Astragaloside IV plays a role in reducing radiation-induced liver inflammation in mice by inhibiting thioredoxin-interacting protein/nod-like receptor protein 3 signaling pathway.

OBJECTIVE

To investigate the efficacy of Astragaloside IV (AS-IV) on radiation-induced liver inflammation in mice.

METHODS

The mice were divided into normal group, dimethyl sulfoxide solvent group, irradiation group (IR), irradiation + AS-IV (20 mg/kg) group (IR+AS-20) and irradiation + AS-IV (40 mg/kg) group (IR+AS-40).
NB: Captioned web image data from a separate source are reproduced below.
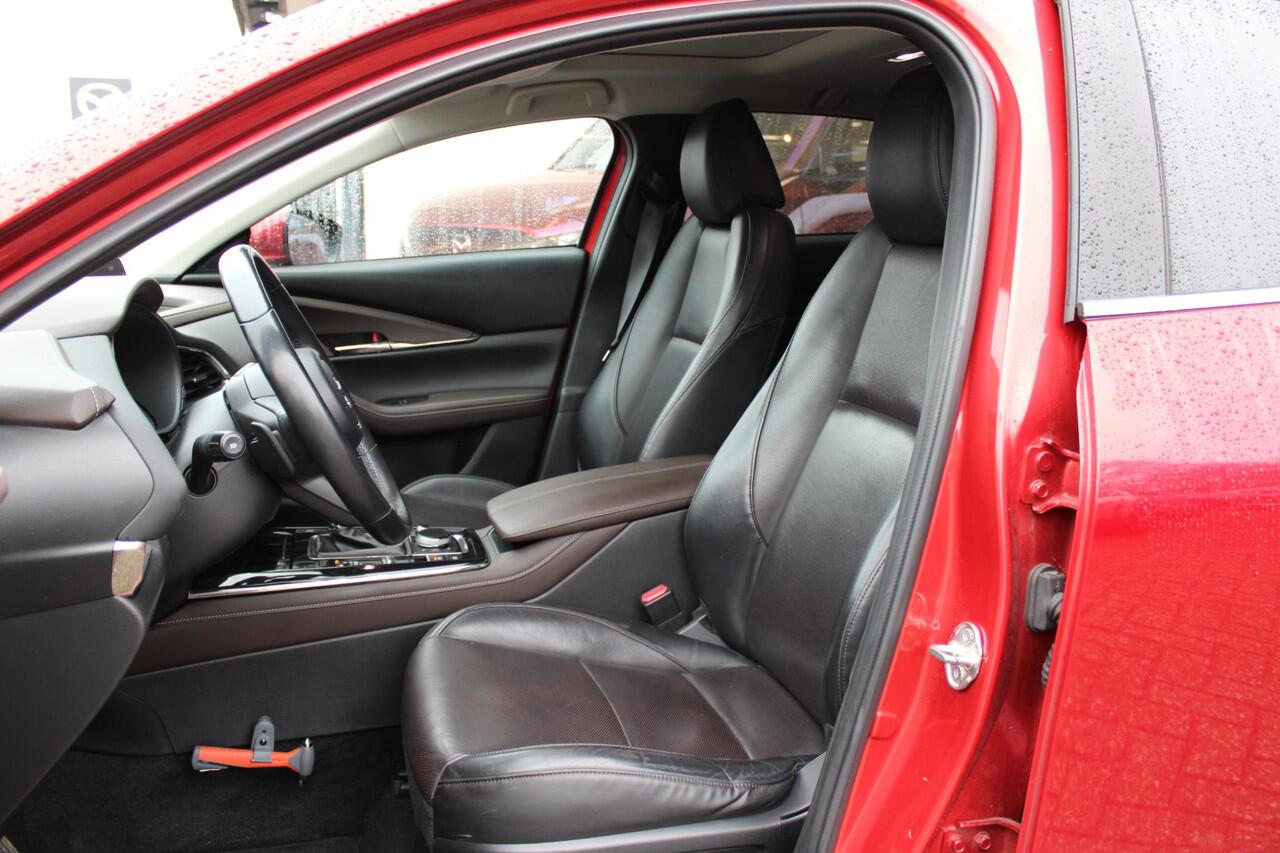 Mazda CX-30 2.0 e-SkyActiv-X186 M Hybrid Luxury Automaat, Trekhaak, i-Activesense Pack, schuif-/kanteldak, Leder, Adap.Cruise, Navi, Clima, Bose, 360 Camera, Stoel/Stuurverwarming, Apple Carplay, Android Auto, PDC, LKA, HUD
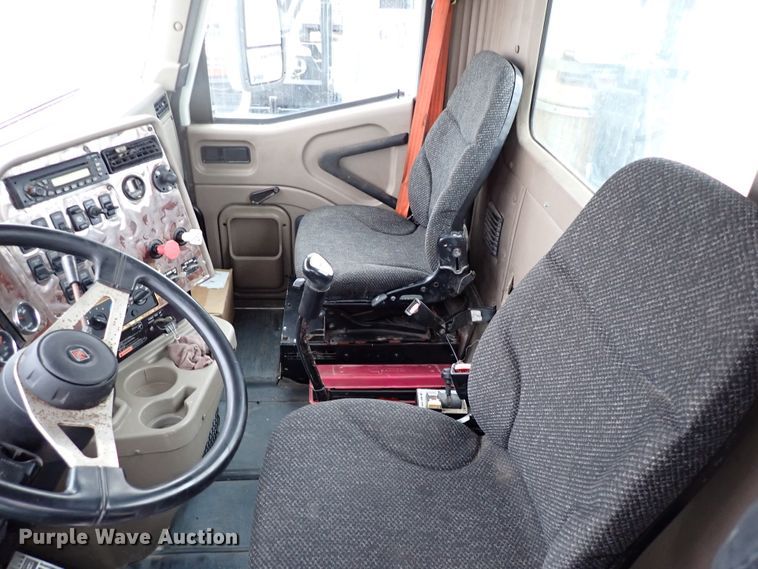 image for item JO9738 2008 International 9200i  semi truck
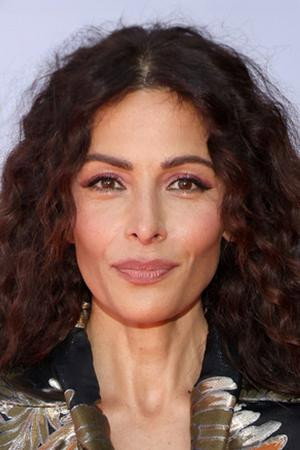 Sarah Shahi profil kép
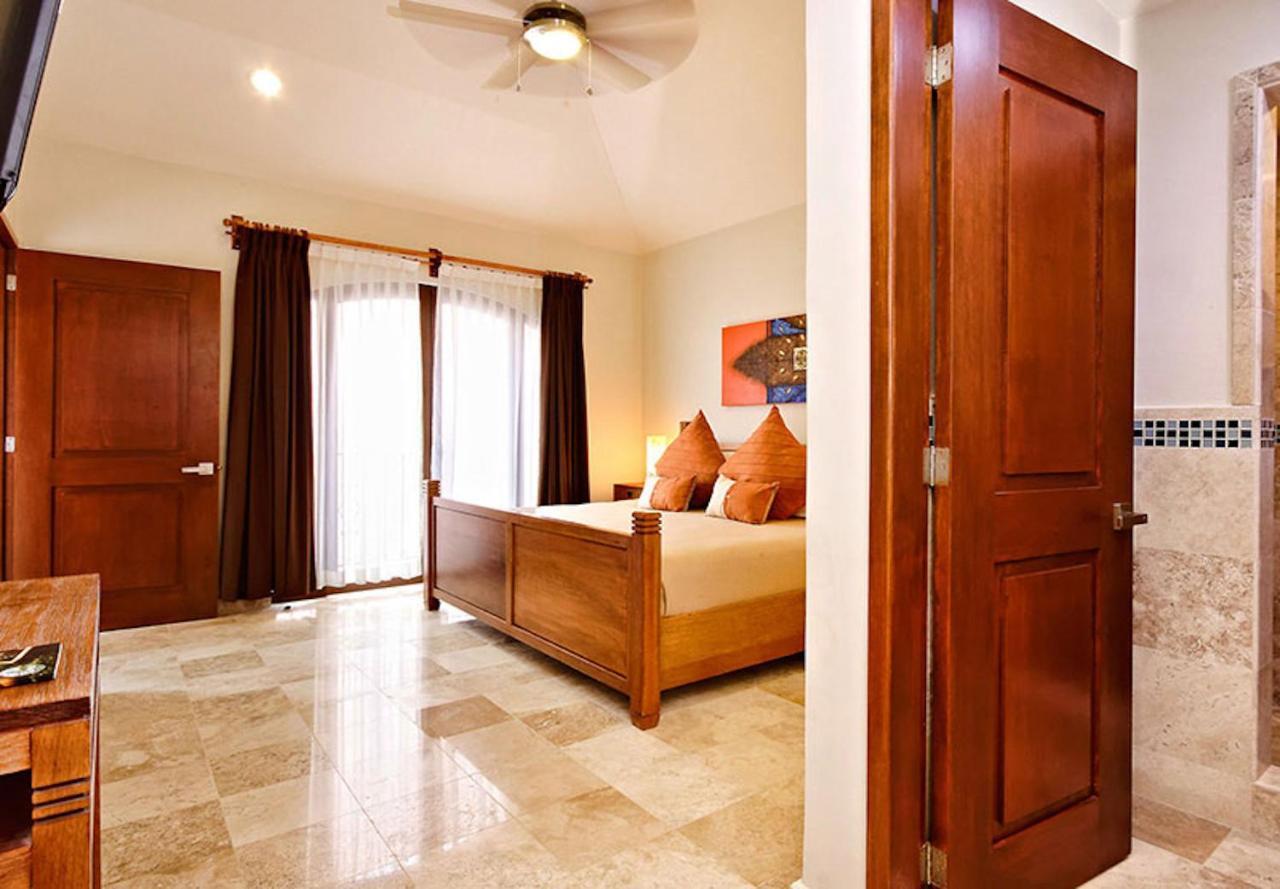 Suite Superior de 1 dormitorio con vistas al océano - 1 cama extragrande - No fumadores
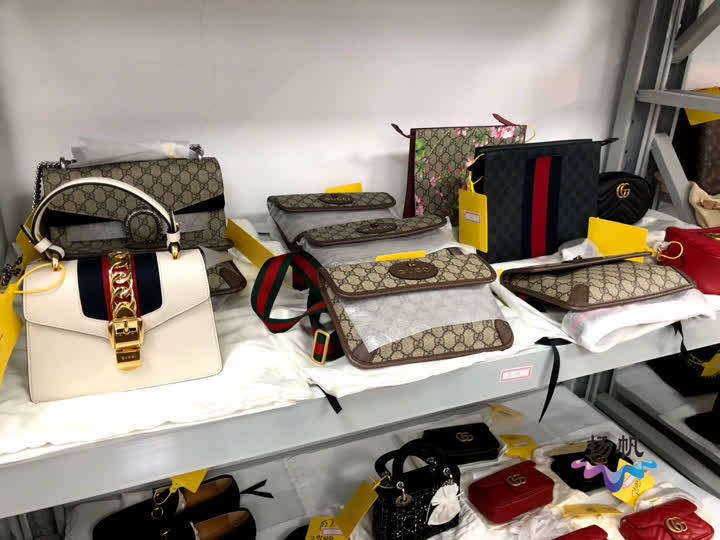 拍卖会最贵的物品 9c694e02966f43f39f07477003862e55.jpeg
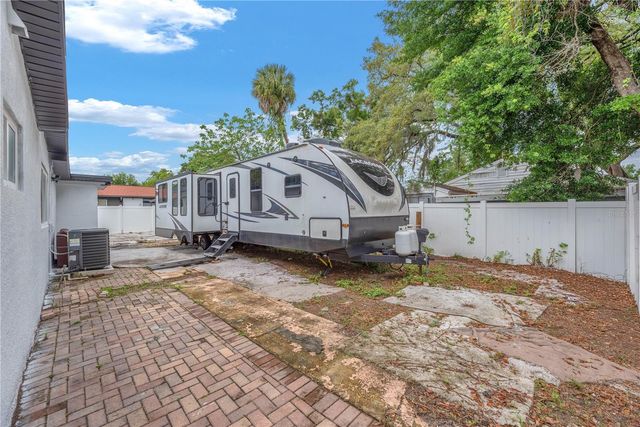 10104 N 15TH STREET, Tampa, FL 33612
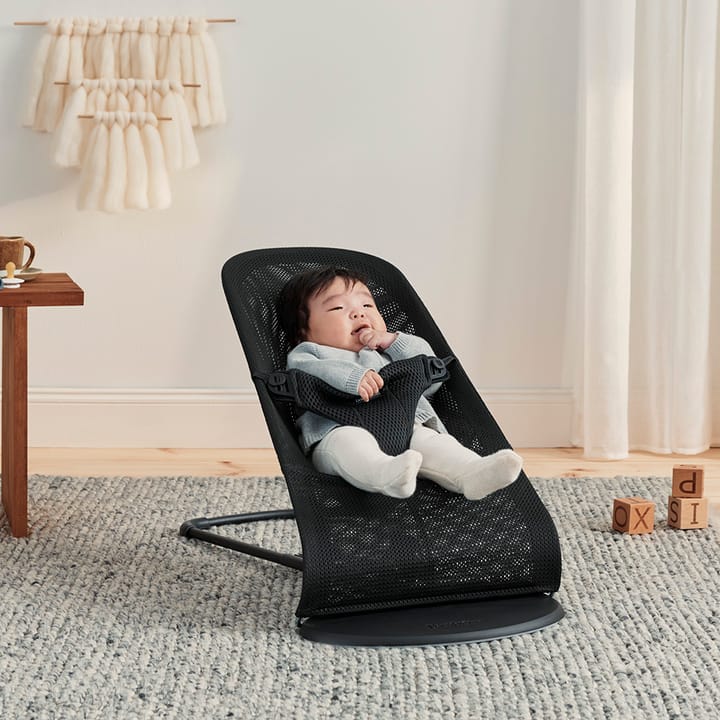 Babysitter Bliss Mesh - Svart Babybjörn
One month after intraperitoneal injection of AS-IV, the mice were irradiated with 8Gry Co60γ, the blood was collected for biochemical analysis, and the liver was collected for hematoxylin-eosin staining, immunofluorescence and electron microscopic observation, oxidative stress, and Western blot analysis.

RESULTS

The AS-IV treatment significantly ameliorated the pathological morphology of liver and reduced the alanine aminotransferase and aspertate amino-transferase levels in serum induced by radiation; AS-IV treatment also significantly reduced the expression of inflammatory factors tumor necrosis factor alpha and interleukin 6 and antagonized malonaldehyde content and superoxide dismutase activity in liver caused by radiation; in addition, AS-IV treatment can significantly inhibited the positive expression of thioredoxin-interacting protein (TXNIP) and nod-like receptor protein 3 (NLRP3) inflammasome in liver tissue after radiation; The expression of TXNIP, NLRP3 inflammasome, apoptosis-associated speck-like protein containing a CARD, cysteinyl aspartate-specific proteinase 1 and interleukin 1beta in the AS-IV prevention group decreased significantly compared to the radiation group.

CONCLUSIONS

These findings suggested that Co60γ radiation can cause structural and functional damage to the liver, which may be related to the NLRP3 mediated inflammatory pathway; AS-IV may play a protective role by inhibiting the TXNIP/NLRP3 inflammasome signaling pathway in the radiation-induced liver injury model.